Thu 02 July 2015

Visualizing Google Forms Data with Seaborn

Introduction

This is the second article in a series describing how to use Google Forms to collect information via simple web forms, read it into a pandas dataframe and analyze it. This article will focus on how to use the data in the dataframe to create complex and powerful data visualizations with seaborn.

If you have not read the previous article please give it a quick glance so you understand the background. To give you an idea of what this article will cover, here is a snapshot of the images we will be creating:

A Word About Seaborn

Before getting too deep into the article, I think it is important to give a quick word about seaborn. The seaborn introduction gives more details, including this section:

Seaborn aims to make visualization a central part of exploring and understanding data. The plotting functions operate on dataframes and arrays containing a whole dataset and internally perform the necessary aggregation and statistical model-fitting to produce informative plots. Seaborn’s goals are similar to those of R’s ggplot, but it takes a different approach with an imperative and object-oriented style that tries to make it straightforward to construct sophisticated plots. If matplotlib “tries to make easy things easy and hard things possible”, seaborn aims to make a well-defined set of hard things easy too.

If, like me, your primary exposure to visualization tools is Excel, then this mindset is a bit foreign. As I work with seaborn, I sometimes fight with it when I try to treat it like creating an Excel chart. However, once I started to produce some impressive plots with seaborn, I started to “get it.” There is no doubt I am still learning. One thing I have found, though, is that if you are in a business setting where everyone sees the normal (boring) Excel charts, they will think you’re a genius once you show them some of the output from seaborn!

The rest of this article will discuss how to visualize the survey results with seaborn and use the complex visualization to gain insights into the data.

Wrangling the Data

In addition to this article, a more detail notebook is hosted in the github repo.

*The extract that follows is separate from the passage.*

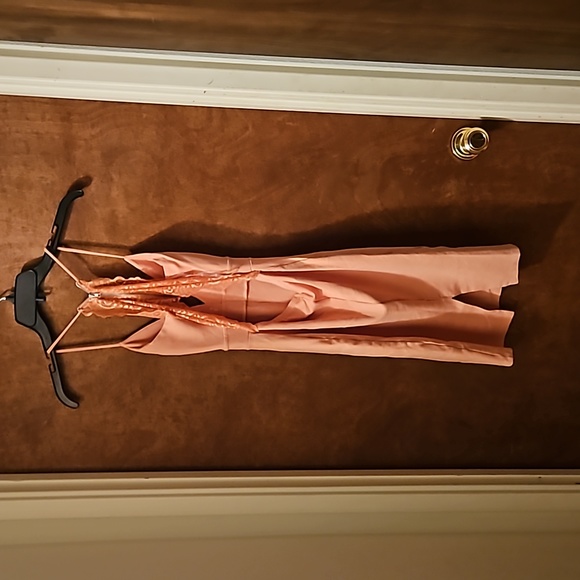 Womens Dress - Picture 5 of 9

Here is the relevant code to connect to the google form and create the dataframe:

import gspread
from oauth2client.client import SignedJwtAssertionCredentials
import pandas as pd
import json
import matplotlib.pyplot as plt
import seaborn as sns

SCOPE = ["https://spreadsheets.google.com/feeds"]
SECRETS_FILE = "Pbpython-key.json"
SPREADSHEET = "PBPython User Survey (Responses)"
# Based on docs here - http://gspread.readthedocs.org/en/latest/oauth2.html
# Load in the secret JSON key (must be a service account)
json_key = json.load(open(SECRETS_FILE))
# Authenticate using the signed key
credentials = SignedJwtAssertionCredentials(json_key['client_email'],
                                            json_key['private_key'], SCOPE)
gc = gspread.authorize(credentials)
# Open up the workbook based on the spreadsheet name
workbook = gc.open(SPREADSHEET)
# Get the first sheet
sheet = workbook.sheet1
# Extract all data into a dataframe
results = pd.DataFrame(sheet.get_all_records())

Please refer to the notebook for some more details on what the data looks like.

Since the column names are so long, let’s clean those up and and convert the timestamp to a date time.

# Do some minor cleanups on the data
# Rename the columns to make it easier to manipulate
# The data comes in through a dictionary so we can not assume order stays the
# same so must name each column
column_names = {'Timestamp': 'timestamp',
                'What version of python would you like to see used for the examples on the site?': 'version',
                'How useful is the content on practical business python?': 'useful',
                'What suggestions do you have for future content?': 'suggestions',
                'How frequently do you use the following tools? [Python]': 'freq-py',
                'How frequently do you use the following tools? [SQL]': 'freq-sql',
                'How frequently do you use the following tools? [R]': 'freq-r',
                'How frequently do you use the following tools? [Javascript]': 'freq-js',
                'How frequently do you use the following tools? [VBA]': 'freq-vba',
                'How frequently do you use the following tools? [Ruby]': 'freq-ruby',
                'Which OS do you use most frequently?': 'os',
                'Which python distribution do you primarily use?': 'distro',
                'How would you like to be notified about new articles on this site?': 'notify'
                }
results.rename(columns=column_names, inplace=True)
results.timestamp = pd.to_datetime(results.timestamp)

The basic data is a little easier to work with now.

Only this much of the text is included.